This library provides very fast implementations of Levenshtein, Jaro-Winkler, and Hamming distance algorithms for batch matching of two input lists with zero cache misses (L1, LLi, LLd, LL). It is written in C++ and exposed to Python via Cython.
pip install fuzzmatch
Note: Cython and a C++20 compiler must be installed. The library will be compiled the first time you import it.
The state-of-the-art for fuzzy matching in Python is, without a doubt, maxbachmann's RapidFuzz. I have been using it for years because of its speed (written in C++ ) and its permissive MIT license ( unlike the GPL license of fuzzywuzzy ). However, there is a type of task that I couldn't accomplish effectively using RapidFuzz: matching two large input lists against each other.
Consider the scenario where you want to learn a new language (a real language, not a programming language), and you already speak a European language (e.g., English, Italian, German, Spanish). Almost all European languages have significant influences from Latin, which is a great advantage because you can leverage your existing knowledge to learn thousands of new words quickly in almost any European language.
English | German | Portuguese | French | Spanish | Italian |
---|---|---|---|---|---|
define | definieren | definir | définir | definir | definire |
English | German | Portuguese | French | Spanish | Italian |
---|---|---|---|---|---|
quality | Qualität | qualidade | qualité | cualidad | qualità |
Creating a vocabulary list with all these words seems like a perfect job for fuzzy matching, doesn't it? The words are not identical but very similar. It should be an easy task using Levenshtein or the Jaro-Winkler similarity, right? However, why didn't I succeed using RapidFuzz?
Let's take two languages that are very similar, so we can expect some 100% matches and many near matches (70–99%): Spanish and Italian.
I used the word lists from this repository for my tests: kkrypt0nn/wordlists
The Italian word list contains 95,152 words.
The Spanish word list contains 70,157 words.
Comparing each word from one list with every word from the other would require 6,675,578,864 comparisons.
RapidFuzz has a function called extractOne, which extracts the best match given a single word and a collection of words.

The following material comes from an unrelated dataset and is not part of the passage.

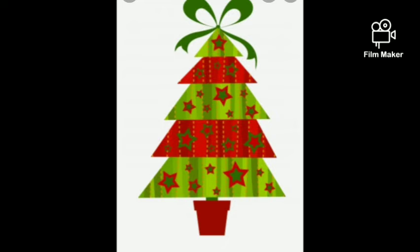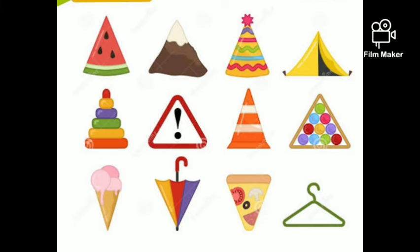Count the corners and count the sides. Count the corners and count the sides. Count them — one, two, three. Count them — one, two, three.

Let's try extractOne from RapidFuzz with the classic "foo" example:
>>> rapidfuzz.process.extractOne("foo", ["f", "foos"])
('f', 90.0, 0)
>>> rapidfuzz.process.extractOne("foo", ["foos", "f"])
('f', 90.0, 1)
Can you see the problem?
The issue here is that the length of the string is ignored. While the algorithm might be correct according to its design, from a human perspective, "foos" is a better match to "foo" than "f". Ignoring the string length might not be a problem in other cases, but in our scenario, it is significant. It means that single-character words (e.g., "y", "o", "a" in Spanish) match any word starting with the same letter.
For example, in Spanish, the word "o" means "or", and "otro" means "(an)other". "Otra" is the feminine version of "otro" ("otro hombre" / "otra mujer"), which means "otra" is much closer to "otro" than "o". However, RapidFuzz gives us this:
>>> rapidfuzz.process.extractOne("otro", ["o", "otra"])
('o', 90.0, 0)
Which is unfortunately useless in our case. When changing scorers, we get other interesting results:
# Looks much better, but...
>>> rapidfuzz.process.extractOne("foo", ["foos", "f"], scorer=rapidfuzz.fuzz.partial_ratio)
('foos', 100.0, 0)
# Different word order, different results, useless again:
>>> rapidfuzz.process.extractOne("foo", ["f", "foos"], scorer=rapidfuzz.fuzz.partial_ratio)
('f', 100.0, 0)
What about rapidfuzz.process.cdist?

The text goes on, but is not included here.